I'm not telling you to join the "Church of Sola".  I'm not even telling you to accept all of his theology (I don't accept all of it either.)  I'm just telling you to stop believing in a synergistic gospel and accept the true, monergistic gospel.  Turning that into a matter of "Church of Sola" is a red herring.



> I agree, works of the Law will not save me.
> 
> 
> In these verses Paul says justification comes from faith in Christ, and not from the works of the Law. I agree.
> 
> 
> You have an obsession with using those verses to condemn others, but in the end what you claim to be the 'true gospel' is simply your personal opinion with nothing other than your personal interpretation to of Scripture to back it up. It's a move you go to in virtually every thread, but using that verse is absolutely no proof.
> 
> All you're saying by quoting that verse is "Those who believe a false gospel are condemned, you don't believe my personal opinion based on my private interoperation of Scripture, therefore you are condemned." 
> ...


The church is made up of men.  And Galatians 1:6-9 says nothing about the church.

----------


## Christian Liberty

> Sola and FF are in rare form toady...epic trollery is epic.

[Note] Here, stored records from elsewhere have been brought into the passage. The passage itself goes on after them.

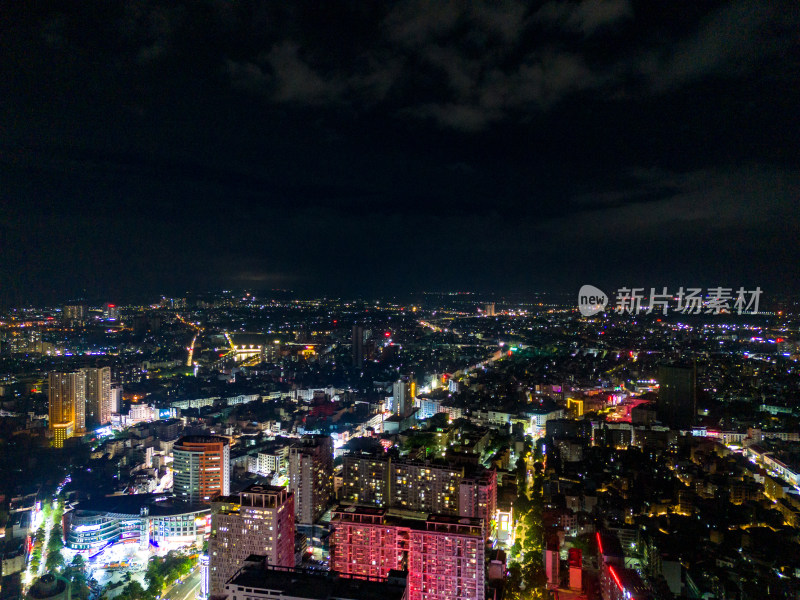 城市夜景灯光万家灯火玉林夜景航拍图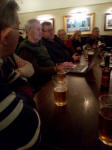 Analysing the results of Hawkear at The Cricketers after St Mary-le-Tower practice.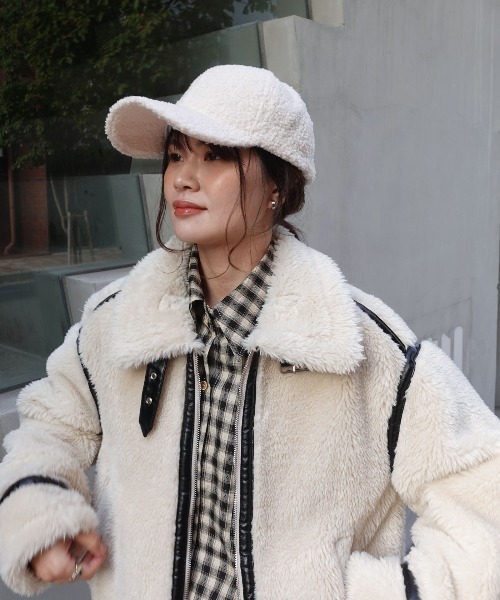 CORNERS(コーナーズ)の「ボアキャップ(キャップ・レディース・アイボリー/ベージュ/ブラック・FREE)」の4枚目の写真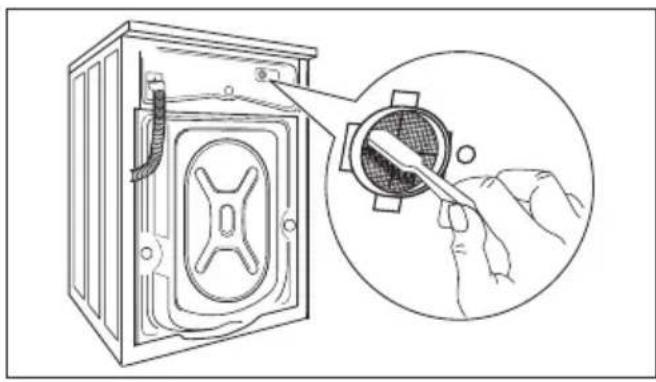John Lewis JLWM 1604 - Cleaning the water inlet filters - 3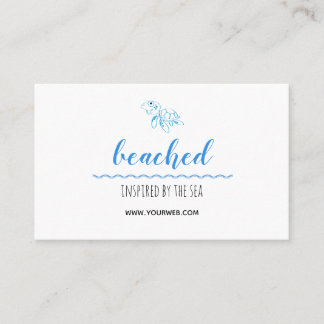 Turtle Logo Beach theme White Business Card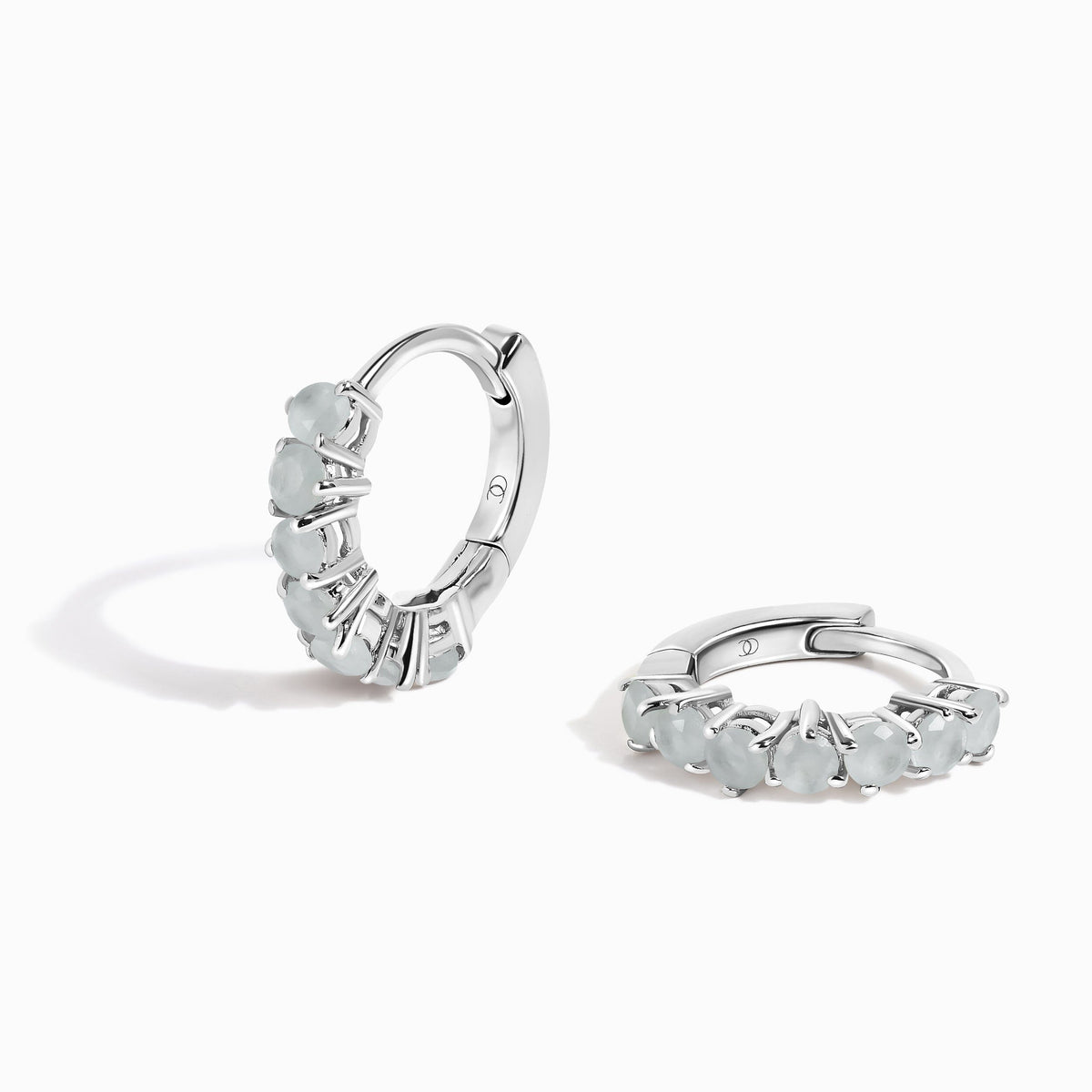 Aquamarine Earrings - Bonny Hoops - March Birthstone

> I am a Protestant, but I respectfully disagree with Sola_Fide and FreedomFanatic about Roman Catholics not being my brothers in the Faith. I do not agree with much of Roman Catholic theology, but I do acknowledge that they are trusting in Christ, based on their testimonies and their zeal to love God as best as they can, in accordance with the Scriptures (whether I have disagreements with them or not on certain passages).
> 
> I know of many Calvinists who I would say are worse Christians than some Roman Catholics, because those Calvinists are rude, belligerent, disrespectful, proud, arrogant, and condescending on lots of people, Christians and non-Christian alike. Yet, those same Calvinists can cite the Westminster standards, know where key "Reformed" passages are in Scripture, give an outstanding, "credible" profession of their faith, but there is so much hatred in their heart that you can see it in their eyes when they speak. So, if I used the standard of my Calvinist brethren on these boards towards the aforementioned ones in my post, then I would have to conclude that some Calvinists aren't even saved.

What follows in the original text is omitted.